BRIEF
Without changing anything, output the records below.

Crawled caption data

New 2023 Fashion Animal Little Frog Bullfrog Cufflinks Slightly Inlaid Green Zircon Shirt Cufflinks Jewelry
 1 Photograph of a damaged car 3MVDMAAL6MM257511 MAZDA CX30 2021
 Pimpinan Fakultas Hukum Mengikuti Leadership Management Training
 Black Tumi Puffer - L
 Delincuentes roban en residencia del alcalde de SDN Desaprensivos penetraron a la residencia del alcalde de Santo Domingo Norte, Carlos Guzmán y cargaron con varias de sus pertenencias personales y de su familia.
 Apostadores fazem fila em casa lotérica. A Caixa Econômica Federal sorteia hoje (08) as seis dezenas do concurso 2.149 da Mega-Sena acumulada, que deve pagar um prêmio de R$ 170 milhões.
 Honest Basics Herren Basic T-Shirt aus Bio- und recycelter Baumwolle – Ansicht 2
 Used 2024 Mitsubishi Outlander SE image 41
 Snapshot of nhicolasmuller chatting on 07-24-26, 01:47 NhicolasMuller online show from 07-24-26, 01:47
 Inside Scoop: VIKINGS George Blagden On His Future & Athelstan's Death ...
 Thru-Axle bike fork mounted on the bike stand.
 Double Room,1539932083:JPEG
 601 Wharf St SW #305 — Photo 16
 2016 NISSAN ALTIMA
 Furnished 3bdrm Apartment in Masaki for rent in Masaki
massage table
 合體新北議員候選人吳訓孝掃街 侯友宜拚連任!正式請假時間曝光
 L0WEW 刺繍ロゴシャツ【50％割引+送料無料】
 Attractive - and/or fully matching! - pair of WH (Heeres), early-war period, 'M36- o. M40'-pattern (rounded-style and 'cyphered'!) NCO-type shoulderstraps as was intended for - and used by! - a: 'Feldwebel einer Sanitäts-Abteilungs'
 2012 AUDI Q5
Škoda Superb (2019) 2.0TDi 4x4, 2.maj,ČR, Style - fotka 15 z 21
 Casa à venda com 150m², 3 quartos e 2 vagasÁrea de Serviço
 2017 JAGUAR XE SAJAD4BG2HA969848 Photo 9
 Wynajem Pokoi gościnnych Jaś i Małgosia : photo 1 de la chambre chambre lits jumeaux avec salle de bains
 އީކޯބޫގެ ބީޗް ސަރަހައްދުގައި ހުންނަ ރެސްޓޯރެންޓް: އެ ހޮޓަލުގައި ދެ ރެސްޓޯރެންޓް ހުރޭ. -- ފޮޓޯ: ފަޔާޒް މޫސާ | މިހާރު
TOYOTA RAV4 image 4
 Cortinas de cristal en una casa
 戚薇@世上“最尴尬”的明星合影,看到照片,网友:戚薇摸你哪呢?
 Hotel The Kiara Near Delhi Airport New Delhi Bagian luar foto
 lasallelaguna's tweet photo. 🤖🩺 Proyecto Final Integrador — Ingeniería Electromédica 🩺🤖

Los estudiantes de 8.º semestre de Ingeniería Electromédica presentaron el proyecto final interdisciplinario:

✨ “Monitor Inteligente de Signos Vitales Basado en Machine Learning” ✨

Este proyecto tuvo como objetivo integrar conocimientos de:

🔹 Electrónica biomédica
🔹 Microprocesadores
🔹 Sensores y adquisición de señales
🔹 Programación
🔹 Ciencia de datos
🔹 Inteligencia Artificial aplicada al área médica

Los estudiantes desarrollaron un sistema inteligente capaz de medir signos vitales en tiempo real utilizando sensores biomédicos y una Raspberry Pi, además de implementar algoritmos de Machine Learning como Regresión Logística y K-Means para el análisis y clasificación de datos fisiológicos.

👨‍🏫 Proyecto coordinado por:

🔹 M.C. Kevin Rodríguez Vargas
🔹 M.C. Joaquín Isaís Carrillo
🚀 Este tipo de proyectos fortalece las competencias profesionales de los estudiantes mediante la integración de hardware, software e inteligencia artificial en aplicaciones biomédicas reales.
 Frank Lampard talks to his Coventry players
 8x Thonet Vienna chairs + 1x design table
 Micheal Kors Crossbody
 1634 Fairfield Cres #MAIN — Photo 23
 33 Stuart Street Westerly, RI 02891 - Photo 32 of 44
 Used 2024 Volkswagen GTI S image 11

RESPONSE TO THIS EXERCISE
New 2023 Fashion Animal Little Frog Bullfrog Cufflinks Slightly Inlaid Green Zircon Shirt Cufflinks Jewelry
 1 Photograph of a damaged car 3MVDMAAL6MM257511 MAZDA CX30 2021
 Pimpinan Fakultas Hukum Mengikuti Leadership Management Training
 Black Tumi Puffer - L
 Delincuentes roban en residencia del alcalde de SDN Desaprensivos penetraron a la residencia del alcalde de Santo Domingo Norte, Carlos Guzmán y cargaron con varias de sus pertenencias personales y de su familia.
 Apostadores fazem fila em casa lotérica. A Caixa Econômica Federal sorteia hoje (08) as seis dezenas do concurso 2.149 da Mega-Sena acumulada, que deve pagar um prêmio de R$ 170 milhões.
 Honest Basics Herren Basic T-Shirt aus Bio- und recycelter Baumwolle – Ansicht 2
 Used 2024 Mitsubishi Outlander SE image 41
 Snapshot of nhicolasmuller chatting on 07-24-26, 01:47 NhicolasMuller online show from 07-24-26, 01:47
 Inside Scoop: VIKINGS George Blagden On His Future & Athelstan's Death ...
 Thru-Axle bike fork mounted on the bike stand.
 Double Room,1539932083:JPEG
 601 Wharf St SW #305 — Photo 16
 2016 NISSAN ALTIMA
 Furnished 3bdrm Apartment in Masaki for rent in Masaki
massage table
 合體新北議員候選人吳訓孝掃街 侯友宜拚連任!正式請假時間曝光
 L0WEW 刺繍ロゴシャツ【50％割引+送料無料】
 Attractive - and/or fully matching! - pair of WH (Heeres), early-war period, 'M36- o. M40'-pattern (rounded-style and 'cyphered'!) NCO-type shoulderstraps as was intended for - and used by! - a: 'Feldwebel einer Sanitäts-Abteilungs'
 2012 AUDI Q5
Škoda Superb (2019) 2.0TDi 4x4, 2.maj,ČR, Style - fotka 15 z 21
 Casa à venda com 150m², 3 quartos e 2 vagasÁrea de Serviço
 2017 JAGUAR XE SAJAD4BG2HA969848 Photo 9
 Wynajem Pokoi gościnnych Jaś i Małgosia : photo 1 de la chambre chambre lits jumeaux avec salle de bains
 އީކޯބޫގެ ބީޗް ސަރަހައްދުގައި ހުންނަ ރެސްޓޯރެންޓް: އެ ހޮޓަލުގައި ދެ ރެސްޓޯރެންޓް ހުރޭ. -- ފޮޓޯ: ފަޔާޒް މޫސާ | މިހާރު
TOYOTA RAV4 image 4
 Cortinas de cristal en una casa
 戚薇@世上“最尴尬”的明星合影,看到照片,网友:戚薇摸你哪呢?
 Hotel The Kiara Near Delhi Airport New Delhi Bagian luar foto
 lasallelaguna's tweet photo. 🤖🩺 Proyecto Final Integrador — Ingeniería Electromédica 🩺🤖

Los estudiantes de 8.º semestre de Ingeniería Electromédica presentaron el proyecto final interdisciplinario:

✨ “Monitor Inteligente de Signos Vitales Basado en Machine Learning” ✨

Este proyecto tuvo como objetivo integrar conocimientos de:

🔹 Electrónica biomédica
🔹 Microprocesadores
🔹 Sensores y adquisición de señales
🔹 Programación
🔹 Ciencia de datos
🔹 Inteligencia Artificial aplicada al área médica

Los estudiantes desarrollaron un sistema inteligente capaz de medir signos vitales en tiempo real utilizando sensores biomédicos y una Raspberry Pi, además de implementar algoritmos de Machine Learning como Regresión Logística y K-Means para el análisis y clasificación de datos fisiológicos.

👨‍🏫 Proyecto coordinado por:

🔹 M.C. Kevin Rodríguez Vargas
🔹 M.C. Joaquín Isaís Carrillo
🚀 Este tipo de proyectos fortalece las competencias profesionales de los estudiantes mediante la integración de hardware, software e inteligencia artificial en aplicaciones biomédicas reales.
 Frank Lampard talks to his Coventry players
 8x Thonet Vienna chairs + 1x design table
 Micheal Kors Crossbody
 1634 Fairfield Cres #MAIN — Photo 23
 33 Stuart Street Westerly, RI 02891 - Photo 32 of 44
 Used 2024 Volkswagen GTI S image 11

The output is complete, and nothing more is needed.